--- Your task ---
In the entries below, find the line with "Get where you" and the line with "There's a lot"; give again those lines and every line between them, exactly.

--- Supplied material ---
————
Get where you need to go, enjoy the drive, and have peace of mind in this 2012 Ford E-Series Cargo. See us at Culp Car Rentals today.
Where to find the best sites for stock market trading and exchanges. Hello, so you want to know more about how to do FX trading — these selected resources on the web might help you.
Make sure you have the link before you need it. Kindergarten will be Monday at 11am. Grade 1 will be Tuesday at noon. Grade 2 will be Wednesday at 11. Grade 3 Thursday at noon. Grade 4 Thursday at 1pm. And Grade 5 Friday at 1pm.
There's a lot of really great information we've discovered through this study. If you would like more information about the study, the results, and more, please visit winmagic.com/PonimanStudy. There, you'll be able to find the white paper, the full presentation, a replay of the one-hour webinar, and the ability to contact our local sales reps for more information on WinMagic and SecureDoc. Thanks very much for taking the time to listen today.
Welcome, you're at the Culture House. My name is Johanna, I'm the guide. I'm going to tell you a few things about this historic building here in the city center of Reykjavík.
————
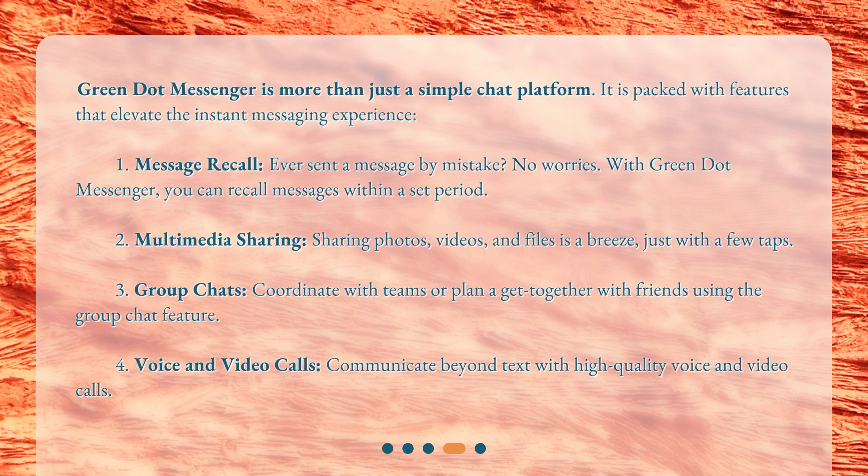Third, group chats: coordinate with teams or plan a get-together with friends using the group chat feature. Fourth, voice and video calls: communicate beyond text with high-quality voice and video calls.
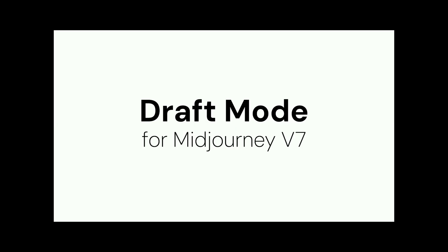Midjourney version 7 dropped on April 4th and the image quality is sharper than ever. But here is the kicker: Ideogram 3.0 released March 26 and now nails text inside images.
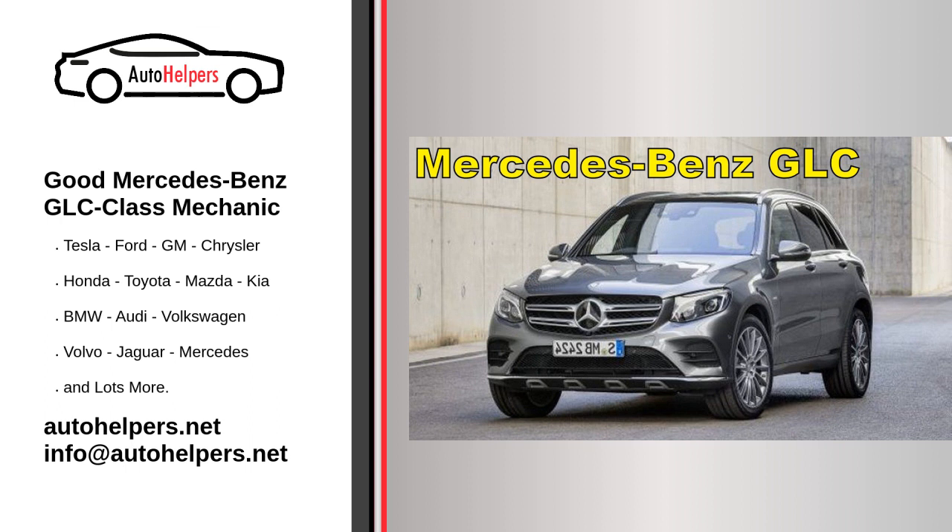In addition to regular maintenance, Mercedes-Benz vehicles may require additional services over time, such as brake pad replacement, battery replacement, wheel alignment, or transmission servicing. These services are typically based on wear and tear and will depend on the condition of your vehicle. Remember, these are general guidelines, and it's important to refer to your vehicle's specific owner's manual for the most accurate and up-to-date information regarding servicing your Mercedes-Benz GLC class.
————
--- Output for this task ---
Get where you need to go, enjoy the drive, and have peace of mind in this 2012 Ford E-Series Cargo. See us at Culp Car Rentals today.
Where to find the best sites for stock market trading and exchanges. Hello, so you want to know more about how to do FX trading — these selected resources on the web might help you.
Make sure you have the link before you need it. Kindergarten will be Monday at 11am. Grade 1 will be Tuesday at noon. Grade 2 will be Wednesday at 11. Grade 3 Thursday at noon. Grade 4 Thursday at 1pm. And Grade 5 Friday at 1pm.
There's a lot of really great information we've discovered through this study. If you would like more information about the study, the results, and more, please visit winmagic.com/PonimanStudy. There, you'll be able to find the white paper, the full presentation, a replay of the one-hour webinar, and the ability to contact our local sales reps for more information on WinMagic and SecureDoc. Thanks very much for taking the time to listen today.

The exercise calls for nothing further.